§ What the task requires
Count each line below that has the word "Classic" in it, and give only the total.

§ Records provided
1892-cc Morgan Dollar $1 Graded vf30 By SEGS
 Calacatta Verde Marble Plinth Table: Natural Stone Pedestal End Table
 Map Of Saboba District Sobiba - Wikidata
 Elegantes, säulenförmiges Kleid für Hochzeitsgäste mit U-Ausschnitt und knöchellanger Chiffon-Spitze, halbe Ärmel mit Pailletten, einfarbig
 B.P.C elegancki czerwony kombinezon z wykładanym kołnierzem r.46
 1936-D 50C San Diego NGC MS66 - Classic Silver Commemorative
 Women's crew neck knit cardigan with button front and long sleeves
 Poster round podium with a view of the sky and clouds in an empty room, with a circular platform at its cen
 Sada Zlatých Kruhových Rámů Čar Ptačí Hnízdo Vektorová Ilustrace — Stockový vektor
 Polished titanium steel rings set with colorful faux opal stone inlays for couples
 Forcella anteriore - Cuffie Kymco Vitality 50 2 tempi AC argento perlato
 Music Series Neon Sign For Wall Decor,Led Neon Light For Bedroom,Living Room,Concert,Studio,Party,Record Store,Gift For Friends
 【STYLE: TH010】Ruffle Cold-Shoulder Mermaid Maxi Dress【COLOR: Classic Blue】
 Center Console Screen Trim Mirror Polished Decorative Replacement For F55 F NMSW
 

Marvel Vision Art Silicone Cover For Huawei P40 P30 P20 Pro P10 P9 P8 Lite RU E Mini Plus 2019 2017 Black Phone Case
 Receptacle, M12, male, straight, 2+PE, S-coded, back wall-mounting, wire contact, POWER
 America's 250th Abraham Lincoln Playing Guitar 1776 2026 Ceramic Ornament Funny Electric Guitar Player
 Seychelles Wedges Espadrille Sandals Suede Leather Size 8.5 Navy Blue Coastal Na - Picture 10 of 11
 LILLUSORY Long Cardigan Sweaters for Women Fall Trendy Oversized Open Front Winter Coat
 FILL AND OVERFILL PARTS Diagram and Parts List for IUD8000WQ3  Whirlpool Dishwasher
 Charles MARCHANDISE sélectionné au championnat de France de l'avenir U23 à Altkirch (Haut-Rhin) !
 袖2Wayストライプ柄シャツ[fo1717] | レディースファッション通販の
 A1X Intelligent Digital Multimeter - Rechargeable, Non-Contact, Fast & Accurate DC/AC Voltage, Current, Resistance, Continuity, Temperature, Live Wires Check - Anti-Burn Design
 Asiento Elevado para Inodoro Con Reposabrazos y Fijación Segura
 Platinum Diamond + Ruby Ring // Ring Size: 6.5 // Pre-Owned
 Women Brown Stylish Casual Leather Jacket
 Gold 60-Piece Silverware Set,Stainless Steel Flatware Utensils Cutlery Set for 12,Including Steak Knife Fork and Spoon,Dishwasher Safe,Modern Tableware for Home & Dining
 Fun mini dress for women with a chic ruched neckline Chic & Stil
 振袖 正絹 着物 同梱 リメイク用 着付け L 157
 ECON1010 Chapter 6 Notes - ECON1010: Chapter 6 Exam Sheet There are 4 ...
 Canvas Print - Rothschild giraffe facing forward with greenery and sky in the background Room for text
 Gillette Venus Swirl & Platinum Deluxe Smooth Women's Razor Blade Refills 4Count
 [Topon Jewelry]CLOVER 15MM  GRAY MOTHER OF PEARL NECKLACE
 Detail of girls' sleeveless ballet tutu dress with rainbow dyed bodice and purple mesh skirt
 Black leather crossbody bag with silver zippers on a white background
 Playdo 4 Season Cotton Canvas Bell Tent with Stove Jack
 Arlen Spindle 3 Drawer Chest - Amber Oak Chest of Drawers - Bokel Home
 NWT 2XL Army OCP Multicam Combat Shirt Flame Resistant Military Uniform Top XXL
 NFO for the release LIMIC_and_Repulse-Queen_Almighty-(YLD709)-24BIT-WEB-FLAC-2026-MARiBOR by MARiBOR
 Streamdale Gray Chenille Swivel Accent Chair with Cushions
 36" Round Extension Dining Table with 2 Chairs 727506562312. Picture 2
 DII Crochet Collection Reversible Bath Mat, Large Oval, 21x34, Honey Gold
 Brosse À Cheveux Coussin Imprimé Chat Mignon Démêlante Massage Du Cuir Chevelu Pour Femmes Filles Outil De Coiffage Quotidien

§ Exercise result
2